14:29 There is a tradition, and also some internal evidence, that Mark was writing down Peter’s account of the Gospel. Although Mark is the shortest Gospel, the account of Peter’s denials is most detailed in Mark. This shows how Peter was focusing upon his own weaknesses as he retold the Gospel; as we should.

14:36 ‘Abba’ has been interpreted as meaning ‘Daddy’. This is how close Jesus felt to God; and we can also.

14:37 One hour- His brief prayer of 14:36 took one hour to pray. We read those words too quickly. 14:51 Was this young man Peter (see v. 54)? Jesus speaks of him as “young” in Jn. 21:18.

14:68 The cock crew- Peter should’ve seen the warning sign. Did he psychologically ignore it; or did he resolve that next time he would not fail? He should’ve removed himself from temptation; but like us so often, he didn’t. He, like us, thought he was stronger than he was.
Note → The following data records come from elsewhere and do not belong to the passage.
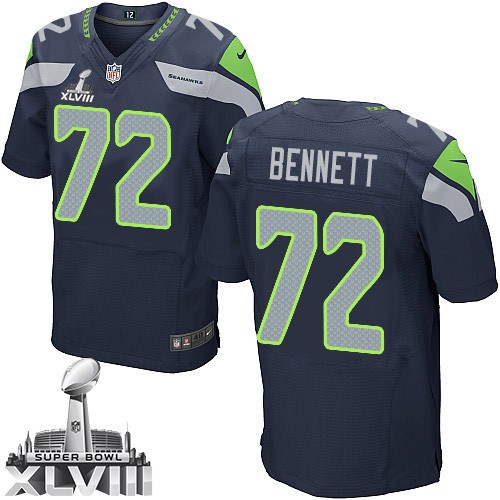 NFL Michael Bennett Seattle Seahawks Elite Team Color Home Super Bowl XLVIII Nike Jersey - Navy Blue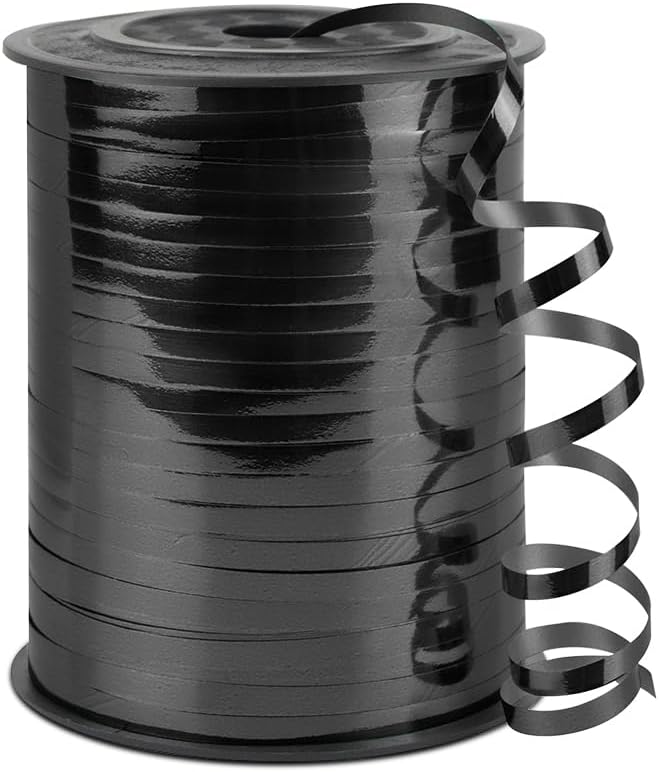 Black Curling Ribbon, 1/5" Wide x 500 Yards Christmas Curling Ribbons by KMERLIFE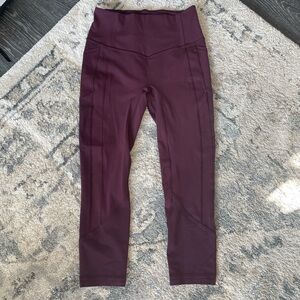 High Rise Lululemon Burgundy Leggings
14:68 He “went out” from the Lord. “Went out” is the language of Judas going out (Jn. 13:30- in essence, Peter and Judas did the same thing at the same time). Other prototypes of the rejected likewise had gone out from the Lord. Cain ‘“went out” (Gen. 4:16), as did Zedekiah in the judgment of Jerusalem (Jer. 39:4; 52:7). Esau went out from the land of Canaan into Edom, slinking away from the face of his brother Jacob, sensing his righteousness and his own carnality (Gen. 36:2-8). Yet Peter in this life “went out” from the Lord and then some minutes later further “went out and wept bitterly” (Lk. 22:62), living out the very figure of condemnation- and yet was able to repent and come back. In this life we can be judged, condemned, weep...but still repent of it and thereby change our eternal destiny. But at the final judgment: it will be just too late. That ‘judgment’ will be a detailed statement of the outcome of the ongoing investigative judgment which is going on right now.

14:72 Three times- Mark’s record of the Lord’s trial is not merely a historical account. It’s framed in terms of our need to testify for our faith too. The Lord’s example in His time of suffering was and is intended to be our example and inspiration, in that we are to in a very practical sense enter into His sufferings. Mark records the Lord’s prediction that His people would have to witness before both Jewish and Gentile authorities (Mk. 13:9-13)- and then Mark goes on in the next chapter to describe Jesus doing just this. The Lord asked His suffering followers not to prepare speeches of self-defence- perhaps exemplified and patterned for us in the way that He remained silent before His accusers. Peter is recorded as denying Christ three times- just as the Romans interrogated Christians and asked them to three times deny Christ. The Christians were also asked to curse, or anathematizein, Jesus. And when we read of Peter’s cursing, the same word is used. We’re left with the impression that Peter actually cursed Christ. And so Mark, who was likely writing the Gospel on Peter’s behalf, is showing that Peter, the leader of the church, actually pathetically failed to follow his Lord at this time. And yet the Gospel of Mark was being distributed to Christians who were being dragged before Jewish and Roman courts. The idea was surely to give them an example and encouragement from Peter’s failure, rather than portray a positive example of a man overcoming the temptation to curse and deny Christ. But this was how the Lord used Peter- as an example from failure for all of us.